In fact, there was a hierarchy for each category of descriptor. Generally speaking, a genre would be formed out of a subset of these components:

Region + Adjectives + Noun Genre + Based On… + Set In… + From the… + About… + For Age X to Y

Yellin said that the genres were limited by three main factors: 1) they only want to display 50 characters for various UI reasons, which eliminates most long genres; 2) there had to be a “critical mass” of content that fit the description of the genre, at least in Netflix’s extended DVD catalog; and 3) they only wanted genres that made syntactic sense.

And the conclusion is that there are so many genres that they don’t necessarily make sense to humans.
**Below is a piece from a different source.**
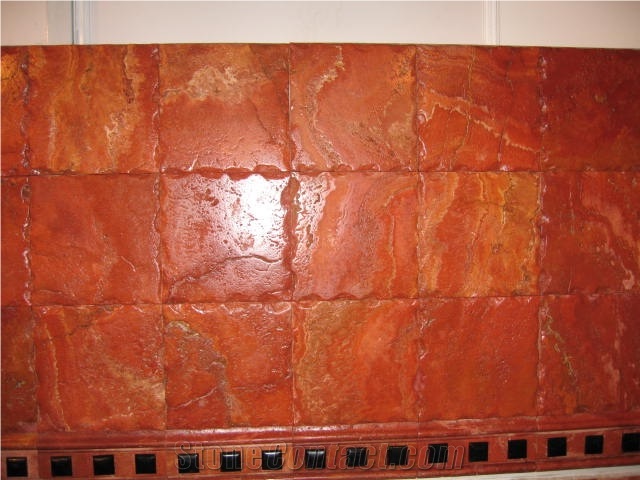Red Travertine Tile & Slabs, Polished Travertine Floor Tiles, Flooring Tiles
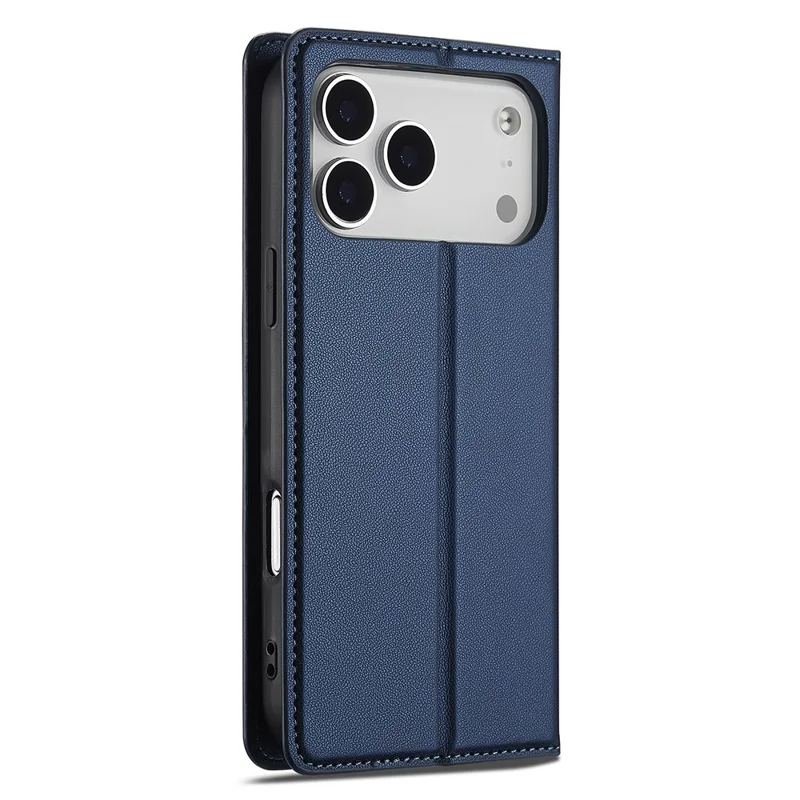 LC.IMEEKE L1 Series for iPhone 17 Pro Case PU Leather Wallet Stand Protective Phone Cover - Blue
This strikes me as a uniquely modern problem: we know how to find patterns via algorithm and then we have to decide whether we want to know why the patterns exist. We might call this the Freakonomics problem: we can collect reams of data, data mine it, and then have to develop explanations. This, of course, is the reverse of the typical scientific process that starts with theories and then goes about testing them. The Netflix “reverse engineering” can be quite useful but wouldn’t it be nice to know why Perry Mason and a few other less celebrated actors show up so often?

At the least, I bet Hollywood would like access to such explanations. This also reminds me of the Music Genome Project that underlies Pandora. Unlock the genres and there is money to be made.